DATASET:
##############################

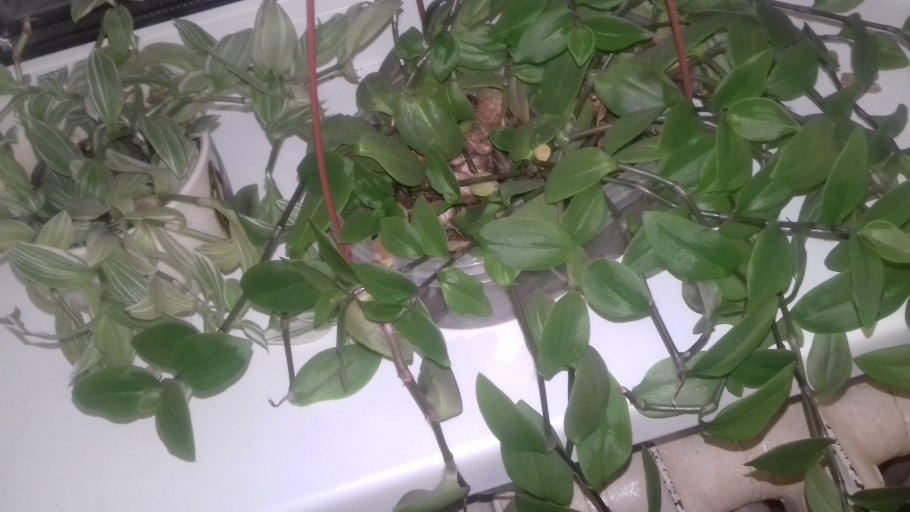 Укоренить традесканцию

##############################

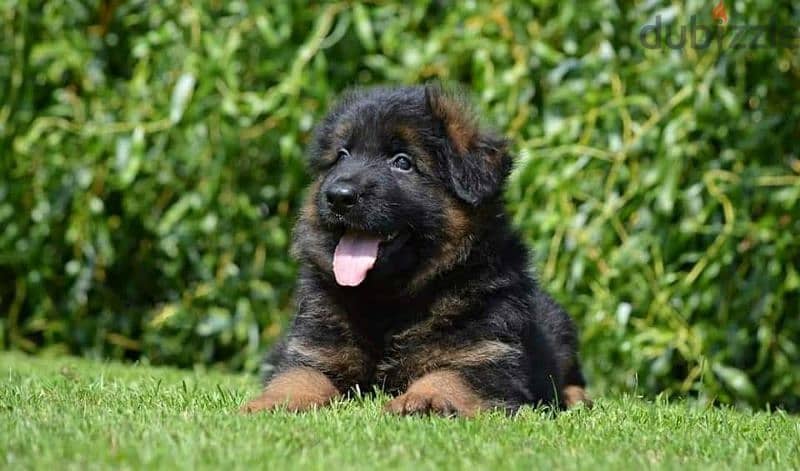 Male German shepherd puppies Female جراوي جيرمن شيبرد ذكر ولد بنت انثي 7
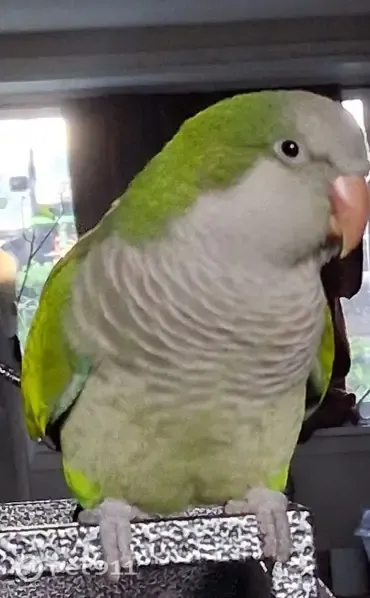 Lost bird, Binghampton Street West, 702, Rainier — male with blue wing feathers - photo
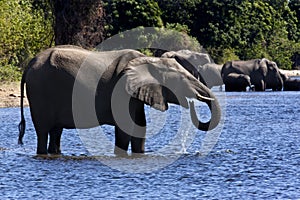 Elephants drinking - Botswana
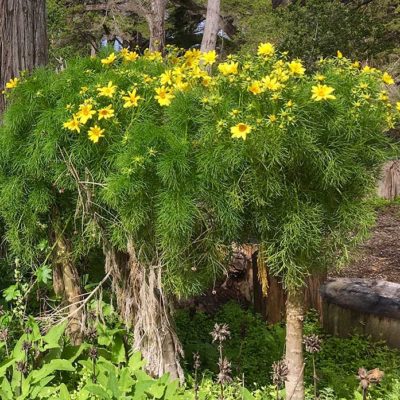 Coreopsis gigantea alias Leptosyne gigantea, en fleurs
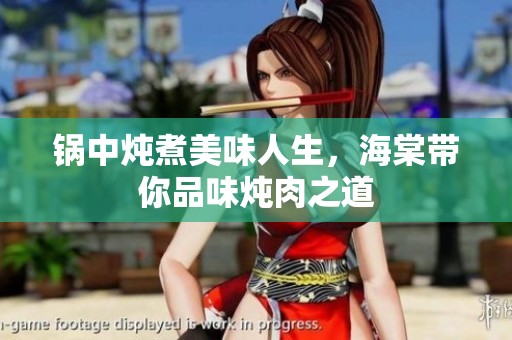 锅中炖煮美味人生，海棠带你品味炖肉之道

##############################

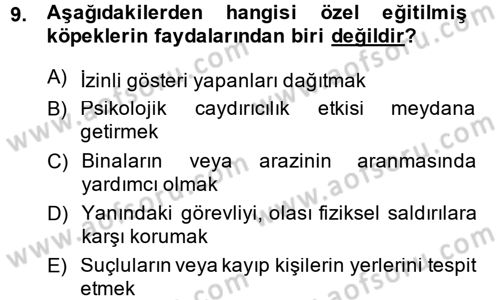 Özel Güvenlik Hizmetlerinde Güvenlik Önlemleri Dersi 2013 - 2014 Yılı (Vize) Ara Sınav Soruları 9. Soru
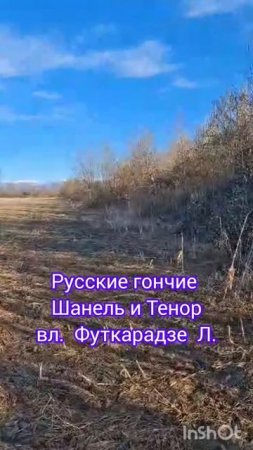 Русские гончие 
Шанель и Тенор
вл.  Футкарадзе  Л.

##############################

TASK TO COMPLETE:
Print the part of the listing above that opens with the line containing "Male German shepherd" and closes with the line containing "锅中炖煮美味人生，海棠带你品味炖肉之道". Copy it exactly, both ends included, and omit the pictures.

SOLUTION BELOW:
 Male German shepherd puppies Female جراوي جيرمن شيبرد ذكر ولد بنت انثي 7
 Lost bird, Binghampton Street West, 702, Rainier — male with blue wing feathers - photo
 Elephants drinking - Botswana
 Coreopsis gigantea alias Leptosyne gigantea, en fleurs
 锅中炖煮美味人生，海棠带你品味炖肉之道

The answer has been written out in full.